Because his real eye-opener was about how the middle class “has been buried in the last four years” — i.e., precisely the years that he and President Obama have been running the country.

At best, that’s a gaffe — which columnist Michael Kinsley once defined as “when a politician tells some obvious truth he isn’t supposed to say.”

The obvious truth here being what his GOP opponent, Rep. Paul Ryan, was quick to point out: “Of course the middle class has been buried. They’ve being buried by regulations; they’re being buried by taxes; they’re being buried by borrowing.”

In short, “they’re being buried by the Obama administration’s economic failures.”

Biden tried to make amends, telling folks at a later event “the middle class was buried by the policies of Romney and Ryan.”

But, again, Romney and Ryan weren’t the ones in charge for “the last four years.”

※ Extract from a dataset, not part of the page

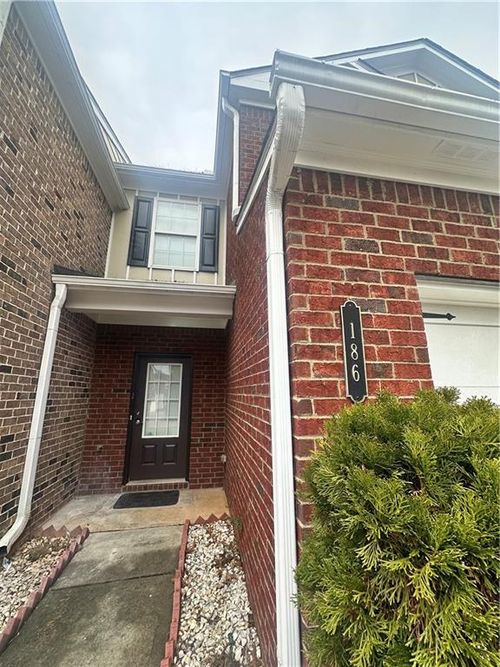 186 Bellewood Oak Dr, Tucker, GA, 30084-3127 | Card Image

Biden and Obama claim Mitt Romney’s plan would actually raise taxes on the middle class by an average $2,000.

But that claim, based on the left-wing Tax Policy Center’s study, has been widely debunked — and the group itself has all but disavowed its dubious analysis. (Of course, it doesn’t help that Romney’s done a poor job of making the case for his own plan.)

Maybe Biden was thinking of the burden of ObamaCare, with its 18 separate tax hikes totaling $836 billion over the next decade — most of which will land squarely on the middle class.

Joe Biden may think he misspoke, but those were the most truthful words he’s likely to utter during the entire campaign.